Task description:
Please repeat, precisely as written, only the lines from the one containing "EPLO G20MAX Smart" through the last line of the records below, pictures omitted.

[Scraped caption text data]
┌──

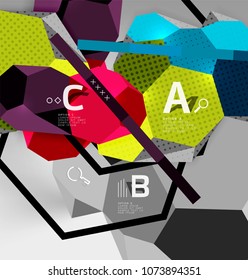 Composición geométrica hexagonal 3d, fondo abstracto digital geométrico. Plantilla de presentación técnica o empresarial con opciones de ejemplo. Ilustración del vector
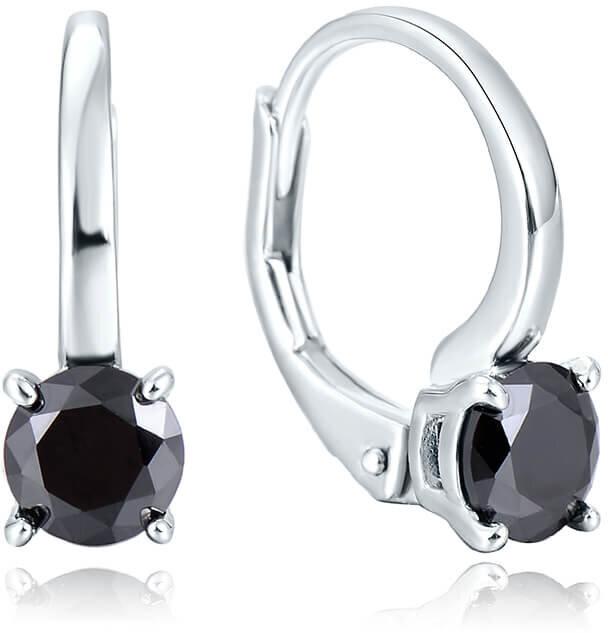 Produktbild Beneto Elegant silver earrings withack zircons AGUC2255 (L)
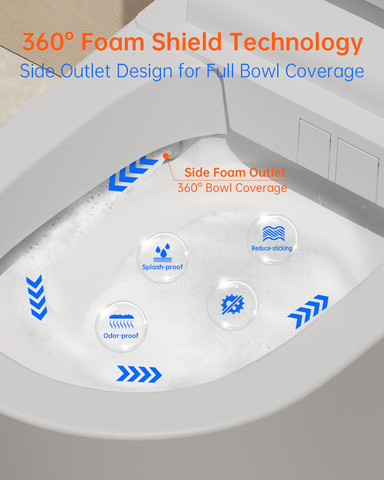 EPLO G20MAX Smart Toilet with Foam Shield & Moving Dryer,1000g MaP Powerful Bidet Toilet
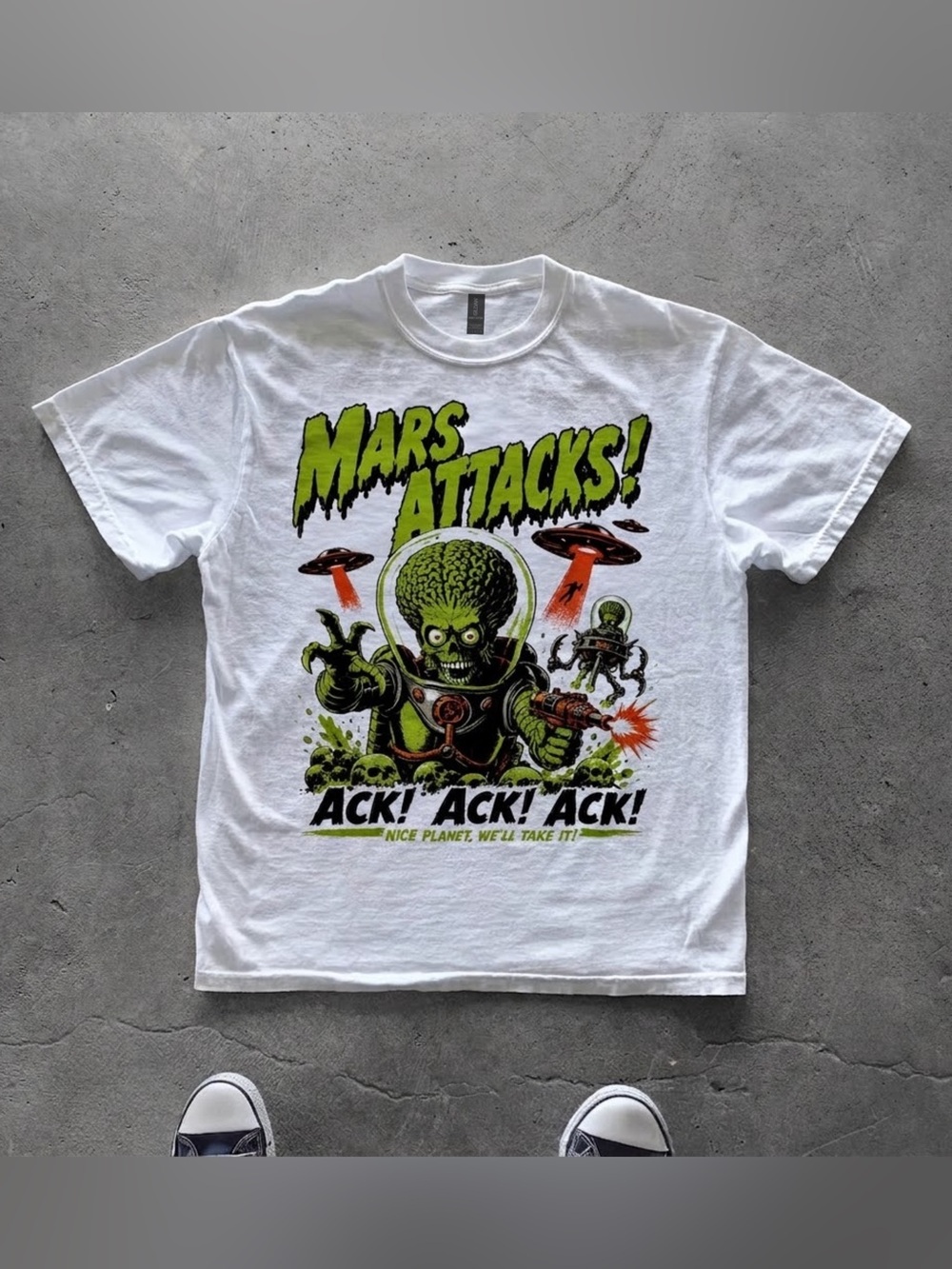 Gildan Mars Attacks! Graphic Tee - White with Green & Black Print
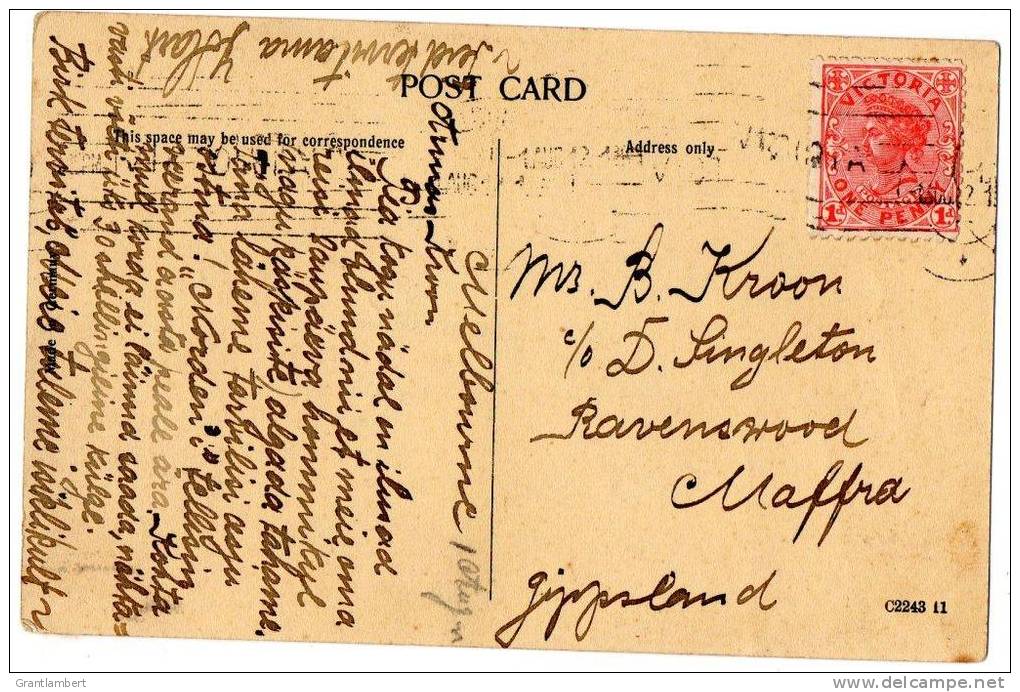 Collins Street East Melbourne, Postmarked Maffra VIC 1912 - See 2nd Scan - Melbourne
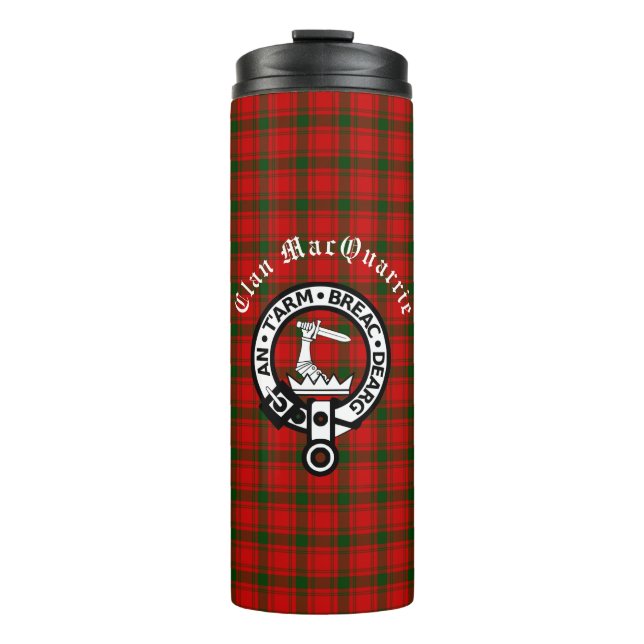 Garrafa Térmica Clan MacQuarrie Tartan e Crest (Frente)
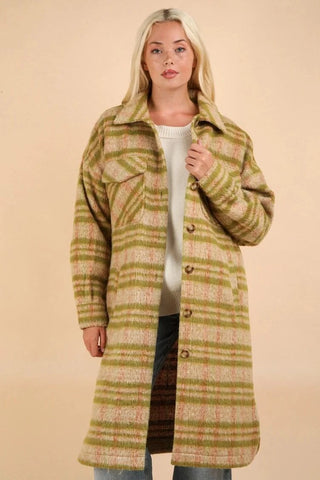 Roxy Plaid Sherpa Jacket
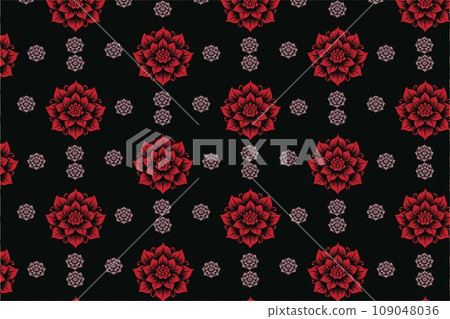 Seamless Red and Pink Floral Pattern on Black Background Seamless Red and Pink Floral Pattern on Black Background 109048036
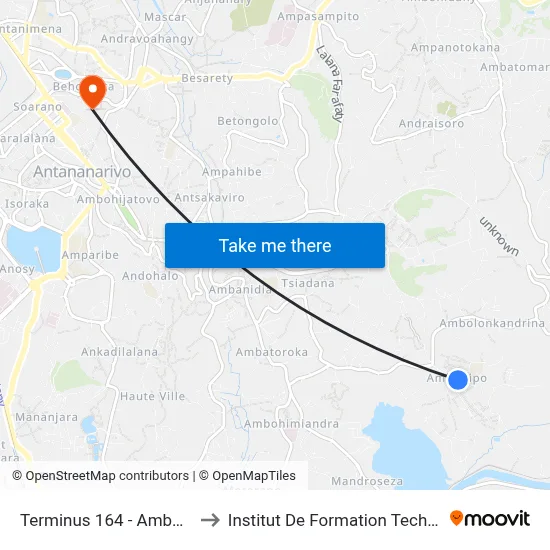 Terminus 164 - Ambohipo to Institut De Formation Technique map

└──

Answer box:
 EPLO G20MAX Smart Toilet with Foam Shield & Moving Dryer,1000g MaP Powerful Bidet Toilet
 Gildan Mars Attacks! Graphic Tee - White with Green & Black Print
 Collins Street East Melbourne, Postmarked Maffra VIC 1912 - See 2nd Scan - Melbourne
 Garrafa Térmica Clan MacQuarrie Tartan e Crest (Frente)
 Roxy Plaid Sherpa Jacket
 Seamless Red and Pink Floral Pattern on Black Background Seamless Red and Pink Floral Pattern on Black Background 109048036
 Terminus 164 - Ambohipo to Institut De Formation Technique map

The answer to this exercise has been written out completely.